I just started to play with Spark 2+ (2.3 version) and I observed something strange when looking at Spark UI. I have a list of directories in HDFS cluster containing in total 24000 small files.
When I want to run a Spark action on them, Spark 1.5 generates an individual task for each input file, as I was used until now. I know that each HDFS block (in my case one small file is one block) generate one partition in Spark and each partition is processed by an individual task.
Also, the command my_dataframe.rdd.getNumPartitions()
outputs 24000.
Now about Spark 2.3
On the same input, command my_dataframe.rdd.getNumPartitions()
outputs 1089. The Spark UI also generate 1089 tasks for my Spark action. You can see also that the number of generated jobs is bigger in spark 2.3 then 1.5
The code is the same for both Spark versions (I needed to change a little the dataframe, paths and column names, because it's code from work):
%pyspark
dataframe = sqlContext.\
read.\
parquet(path_to_my_files)
dataframe.rdd.getNumPartitions()
dataframe.\
where((col("col1") == 21379051) & (col("col2") == 2281643649) & (col("col3") == 229939942)).\
select("col1", "col2", "col3").\
show(100, False)
Here is the physical plan generated by
dataframe.where(...).select(...).explain(True)
Spark 1.5
== Physical Plan ==
Filter (((col1 = 21379051) && (col2 = 2281643649)) && (col3 = 229939942))
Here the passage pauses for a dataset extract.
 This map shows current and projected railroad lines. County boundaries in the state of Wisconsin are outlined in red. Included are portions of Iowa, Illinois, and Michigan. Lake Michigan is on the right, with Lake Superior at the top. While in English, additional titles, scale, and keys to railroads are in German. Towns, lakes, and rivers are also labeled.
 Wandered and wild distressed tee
Scan ParquetRelation[hdfs://cluster1ns/path_to_file][col1#27,col2#29L,col3#30L]
Code Generation: true
Spark 2.3
== Physical Plan ==
*(1) Project [col1#0, col2#2L, col3#3L]
+- *(1) Filter (((isnotnull(col1#0) && (col1#0 = 21383478)) && (col2 = 2281643641)) && (col3 = 229979603))
+- *(1) FileScan parquet [col1,col2,col3] Batched: false, Format: Parquet, Location: InMemoryFileIndex[hdfs://cluster1ns/path_to_file..., PartitionFilters: [], PushedFilters: [IsNotNull(col1)], ReadSchema: struct<col1:bigint,col2:bigint,col3:bigint>....
Above jobs was generated from zeppelin using pyspark. Is there anyone else who met this situation with spark 2.3 ? I do have to say that I like the new way to process multiple small files, but I would like also to have knowledge about possible internal Spark changes.
I searched on internet, newest book "Spark the definitive guide" but didn't find any information about a new way of Spark to generate the physical plan for jobs.
If you have any links or information, would be interesting to read. Thanks!